MAPLE GARDEN

Concept and choreography: Tatiana Baganova

Music: Die anarchistische Abendunterhaltung (Netherlands); Project Moscow Art Trio: M. Alperin, S. Starostin, A. Shilkloper

Costume design: Olga Pautova and Victoria Mozgovaya

Lighting design: Maxim Sergachev

Running time: 30 minutes

  • The piece was commissioned in the summer of 1999 in Durham (North Carolina, USA) by the American Dance Festival as a part of the International Choreographers’ Program, with support from the Philip Morris Companies Inc., Rockefeller Foundation and Trust for Mutual Understanding

  • Russian premiere: October 1999 - Ekaterinburg

  • The production was awarded the Golden Mask (2001) for Best Piece in Contemporary Dance. It was nominated for The Best Work by a choreographer, and Best Set and Costume design

  • Maple Garden toured the United States, Thailand, Germany, Sweden, Italy, Poland, Lithuania, and Belarus, as well as 16 cities in Russia.

The first performance that I created within the program was Maple Garden. For [the performance] I was looking for girls with long hair: the idea was to hang them by their hair on trees. During my first days at the American Dance Festival I was staring at everyone with long hair. The most beautiful and gorgeous hair that caught my eye belonged to David Ferri, the technical director of the festival. This way we got to know each other. David is one of the iconic figures for the American Dance Festival. Coming back to the Festival from time to time, I’m happy to see him as the head of technical staff. I’m grateful to him for the cooperation, his professionalism and bright individual personality.

Tatiana Baganova

The piece by Tatiana Baganova commissioned by the American Dance Festival in Durham (USA), is American. Pulled from mouth to mouth, it binds male and female dancer. Suddenly, a third figure appears and cuts up the gum with a huge pair of scissors. Chewing gum as a symbol for radical separations in this “never-never land”, a wondrous kingdom. A witch sits in a tree and swings on a long rope over the stage. The women wear crinolines, a young man a vest, studded with thorns. Everything dances a bit slowed down, like in a fairy tale or a dream. In “Maple Garden”, Baganova is less expressive than in another piece well-known at the festival – Her “Les Noces” (a post-modern variation on a theme by Nijinska).

Ballet International Tanz Aktuelle

Maple Garden, from 1999, possesses the folksy whimsy of Chagall and the comic illusionism of  Pilobolus-esque dancer-athletes. The curtain opens on a woman in mid-flight (thanks to a wire) above a bare tree. A man arrives with a huge butterfly net to catch another, birdlike woman. And so on and so forth. Because there is no narrative, we gravitate to the piece’s theme.
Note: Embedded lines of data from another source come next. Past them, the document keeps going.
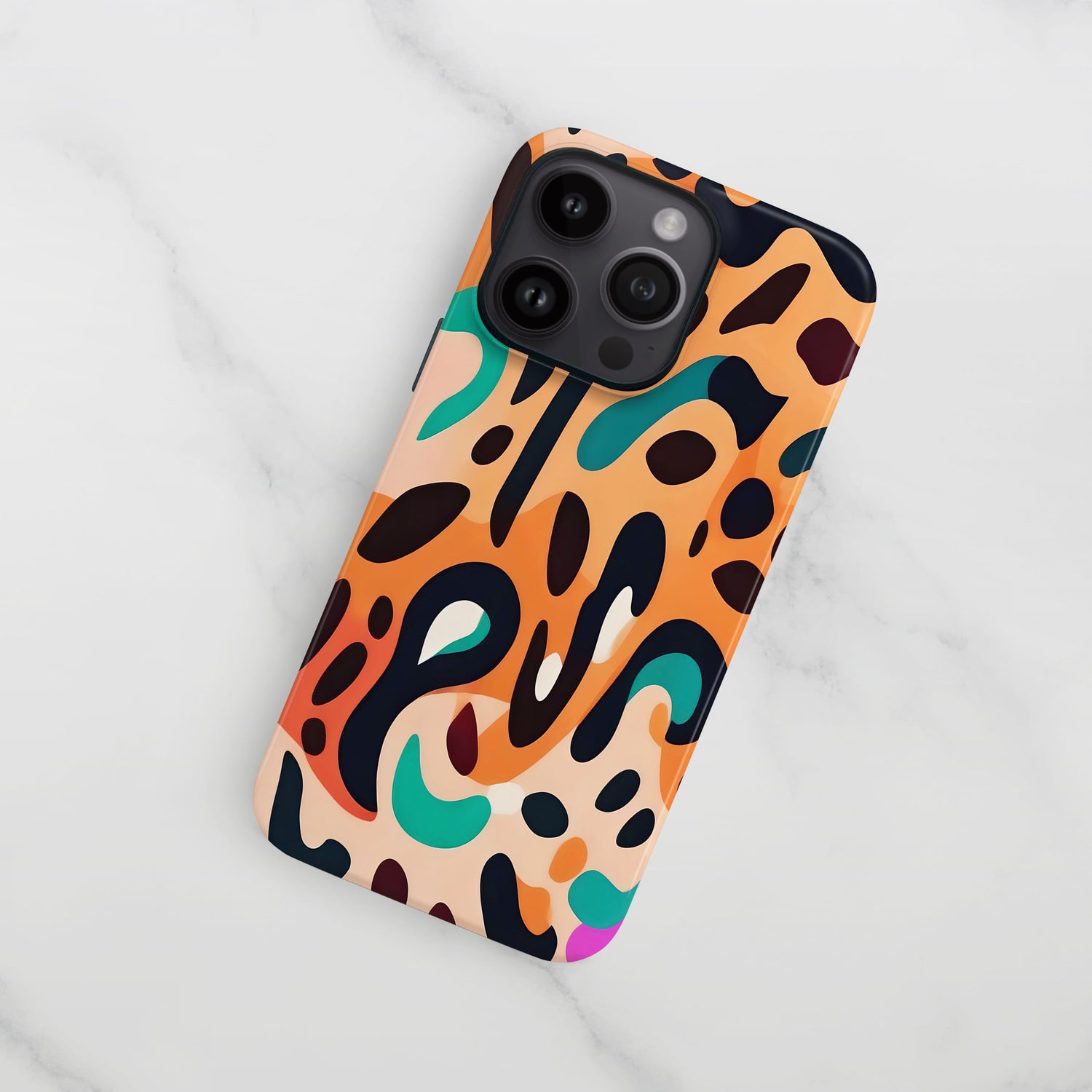 Abstract Orange Leopard Print Case  Phone Case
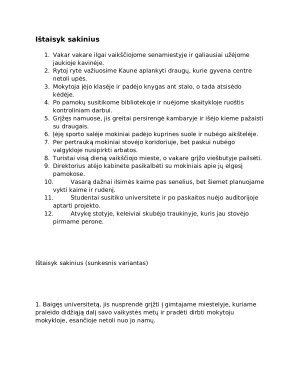 Vietininko vartojimo užduotys. Paveikslėlis 3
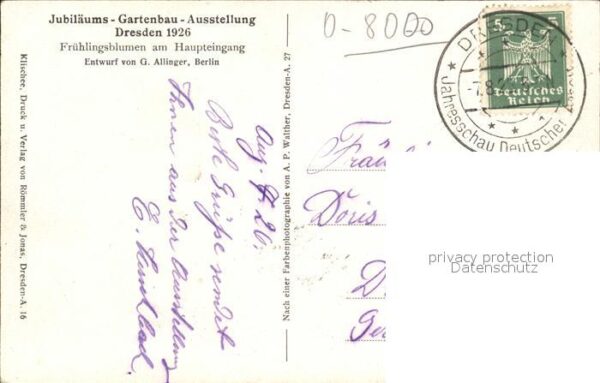 Gartenbauaustellung Dresden Frühlingsblumen Haupteingang – Bild 2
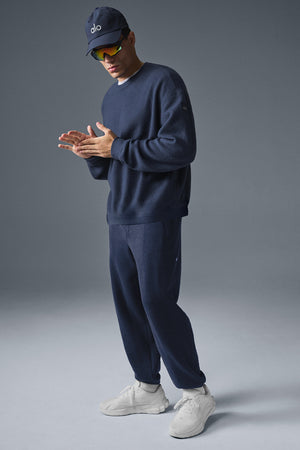 Triumph Restore Crew Neck Sweatshirt - Navy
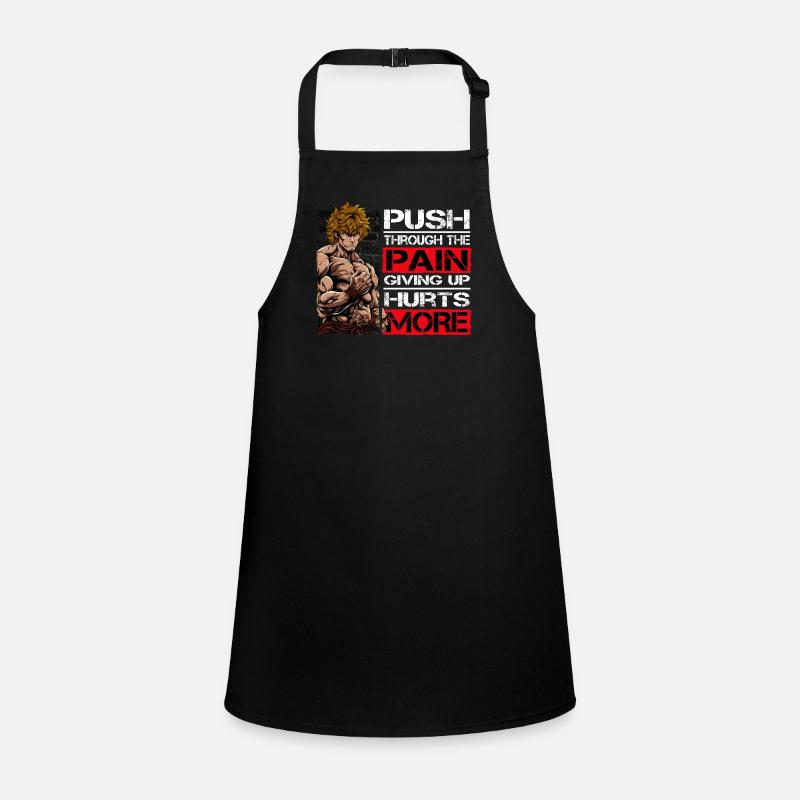 Citations de motivation de combattant - Chemise d’anime Tablier Enfant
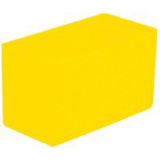 Inzetbakje 108x54x63 mm geel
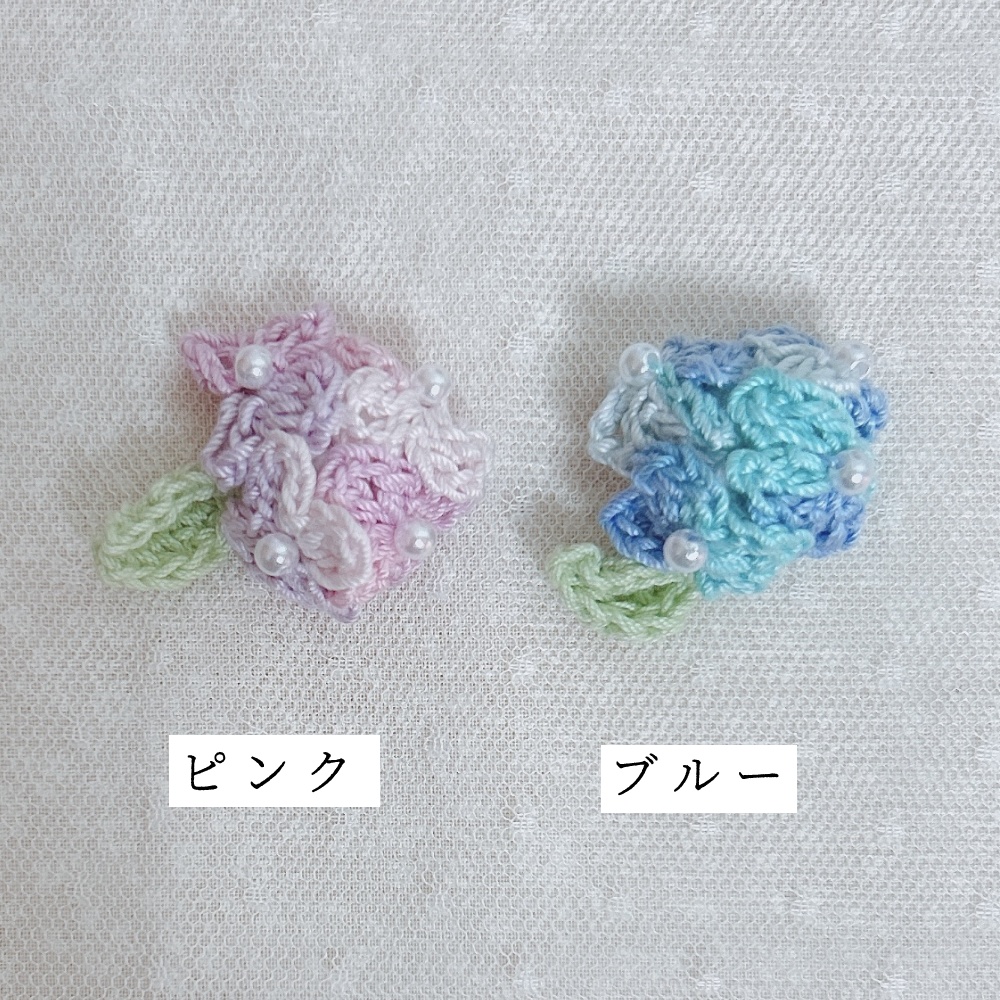 あじさいのヘアアクセサリー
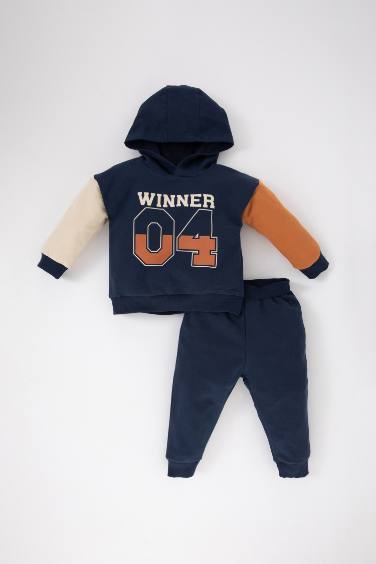 Tenue Bébé Garçon 2 Pièces Ensemble Sweat À Capuche Pantalon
The strings that the dancers unspool from each other’s mouths and the lustrous hair by which the women hang from the tree suggest attachment, with  its tenuousness and allure. But Maple Garden builds no nest of concrete meaning from these charming strands.

Financial Times

 

Maple Garden hits a viewer like a cross between a Brothers Grimm fairy tale and Hieronymus Bosch’s Garden of Earthly Delights, illustrated by Salvador Dali, and with a gaggle of zombies thrown in. It’s beautiful at times, grotesque at times and concurrently funny and horrifying.
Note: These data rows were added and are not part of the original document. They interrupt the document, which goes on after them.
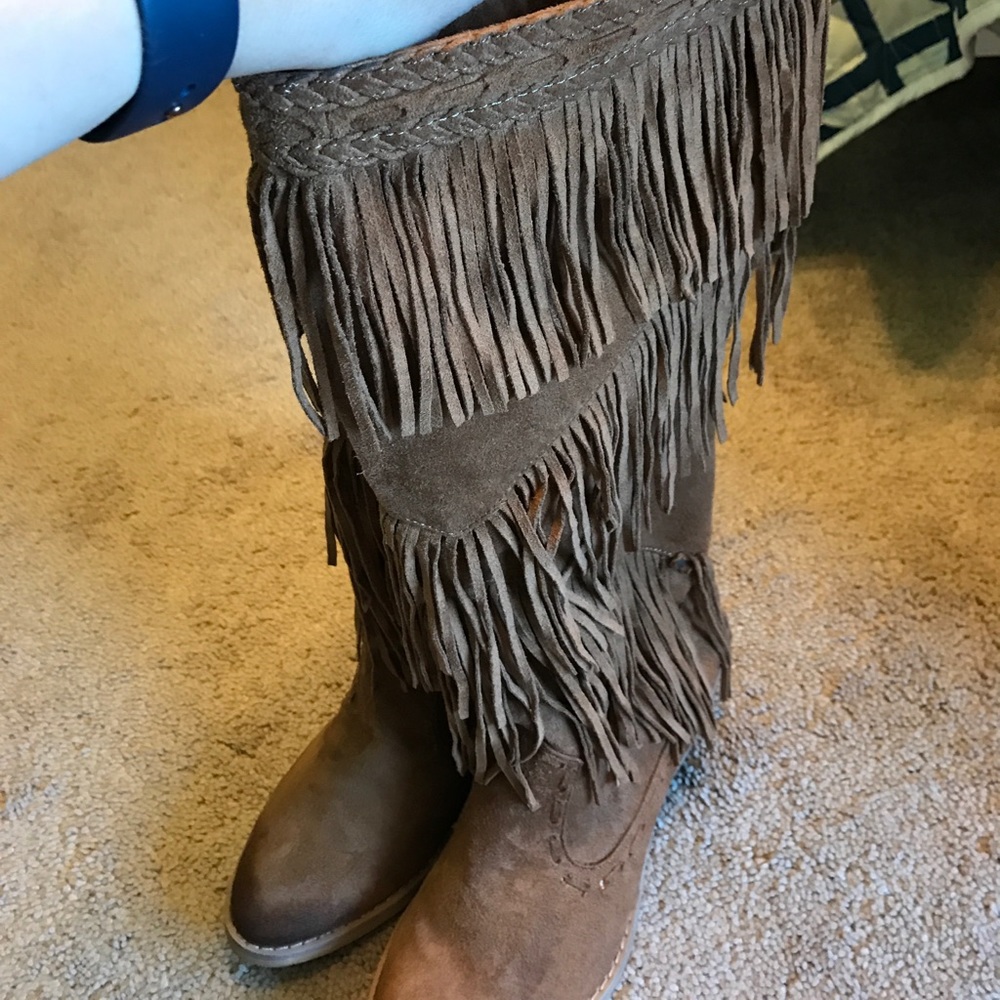 Not Rated Fringe Boots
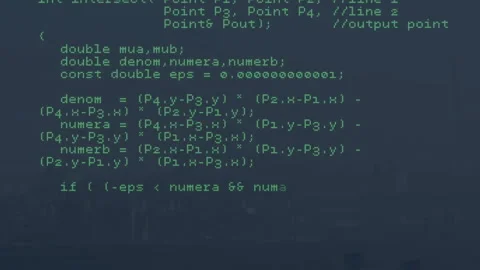 Animating computer code with green text on dark background Stock Footage 305074308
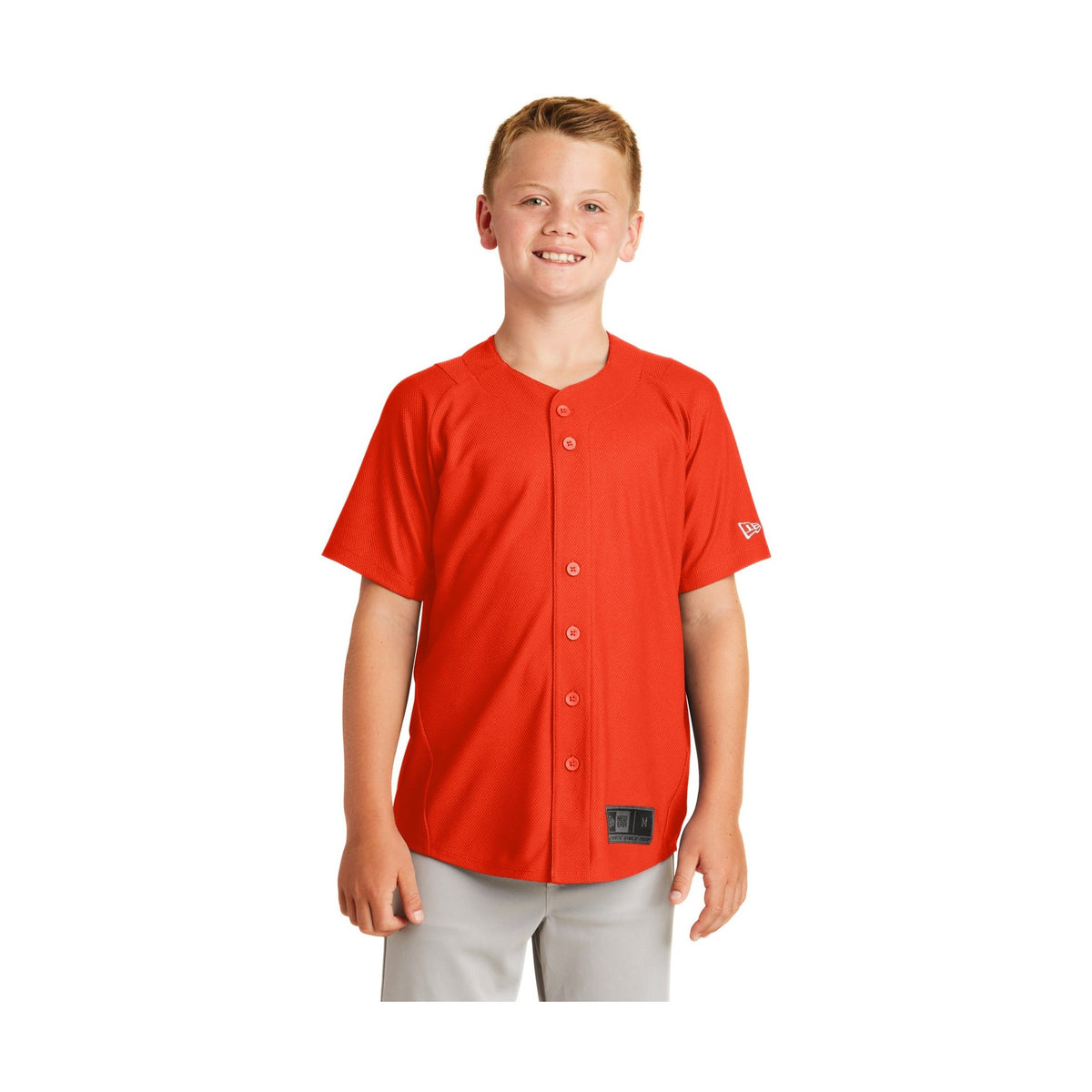 New Era Youth Diamond Era Full-Button Jersey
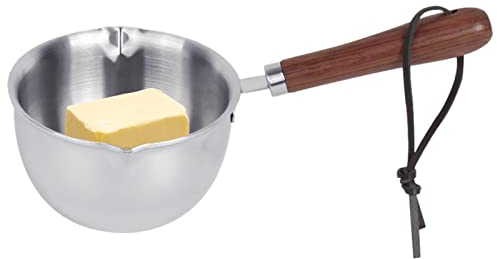 Desconocido crisol de Mantequilla - Lechera pequeña con Mango Resistente al Calor - Mini Utensilios de Cocina para Aceite Caliente, Leche, Chocolate, café, Mantequilla derretida, Queso Generic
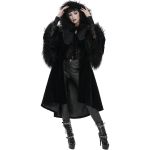 Black Velvet 'Wallia' Cape Coat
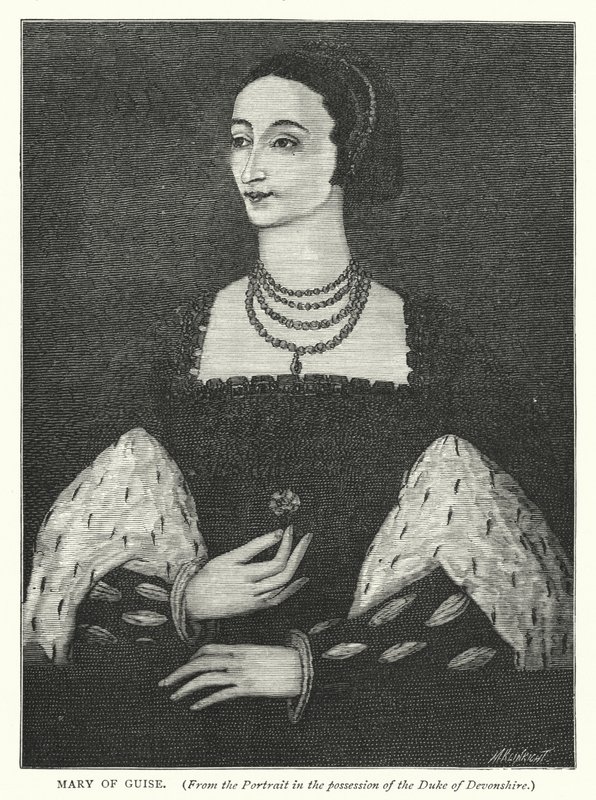 Mary of Guise (gravering) af English School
Forget about what it means, if anything. The dance is more than a series of images, but the images linger in the mind even if you don’t know exactly why they’re there.

CriticalDance

 

The theatre from Russia presented a soft dreamy tale. The stylish grotesque pictures that, with the use of elements of folklore and a broken dance vocabulary, have built a surreal world on stage, perhaps the world of the subconscious.
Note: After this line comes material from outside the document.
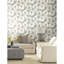 Blended Floral Floral Wallpaper Roll-1083078771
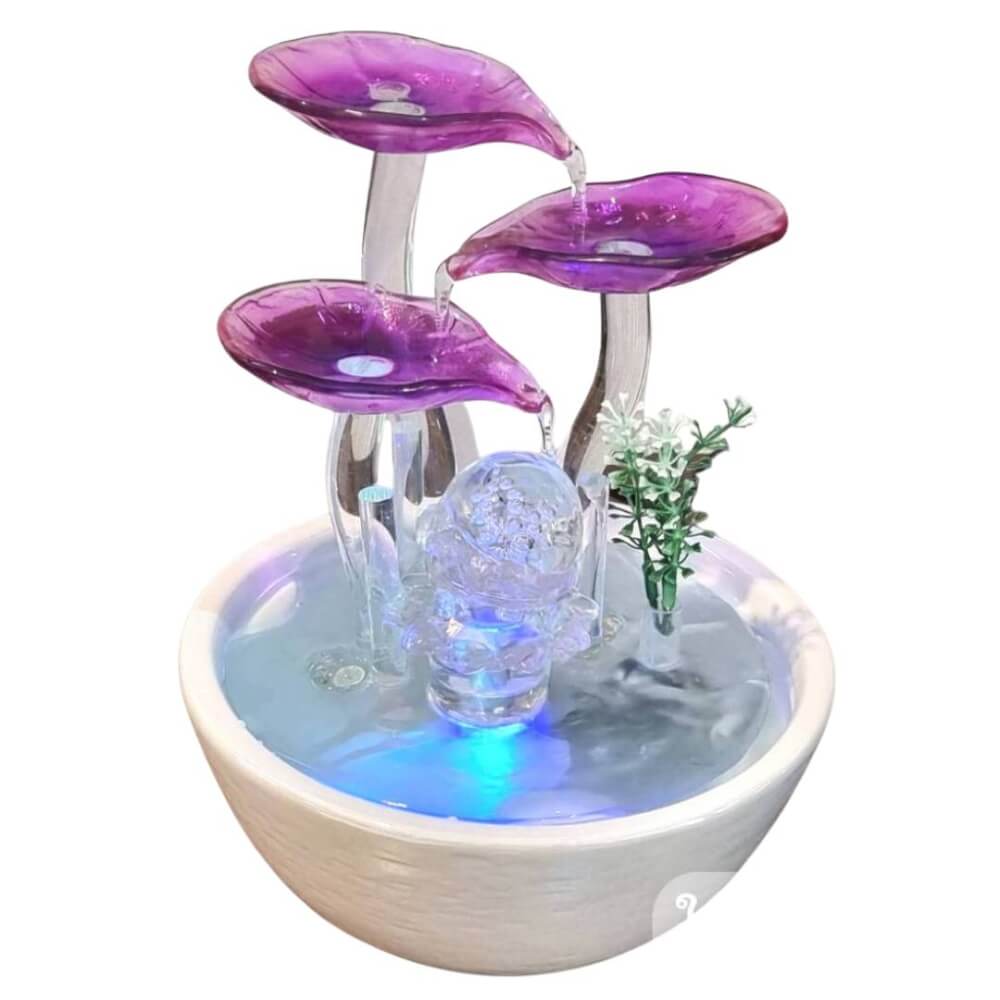 น้ำพุตั้งโต๊ะเสริมฮวงจุ้ย EAKGIFT รุ่น99031P สไตล์โมเดิร์นทันสมัยงานสวยเรียบหรู_6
Frankfurter Allgemeine Zeitung

 

A mysterious performance, where women are hung to the dry tree by their long mermaid hair, where village dwellers fondle each other with simple sensuality of animals, is in fact counted like in a perfect game of chess. Choreography here is just a part of the complicated score in which the music, lighting design, and wildness of the marionette dance are all mixed together. Tatiana Baganova is the only one who stages performances without following fashionable trends, and who doesn’t care to correspond to the popular ideas about «the present». And therefore her works remain actual even after the premiere.

Commersant

The choreographer is fond of paradoxicality, and cipher names. There is one withered tree on the stage instead of the garden; instead of people there are strange creatures with painted faces and dolls’ plasticity. [...] Birds’ cries and spiritual folk-tunes of a mysterious country, a bit terrifying dances, strange sensuality and causeless laughter – the infernal Baganova’s autumn fairytale captivates and fascinates.

The Bolshoi Theatre magazine

The curtain was just about to raise, the public burst into a storm of applause, appreciating the artist’s work. The enthusiastic welcome given to the Provincial Dances Theatre by the Düsseldorf festival public confirms one more time that this company has a right to represent Russia.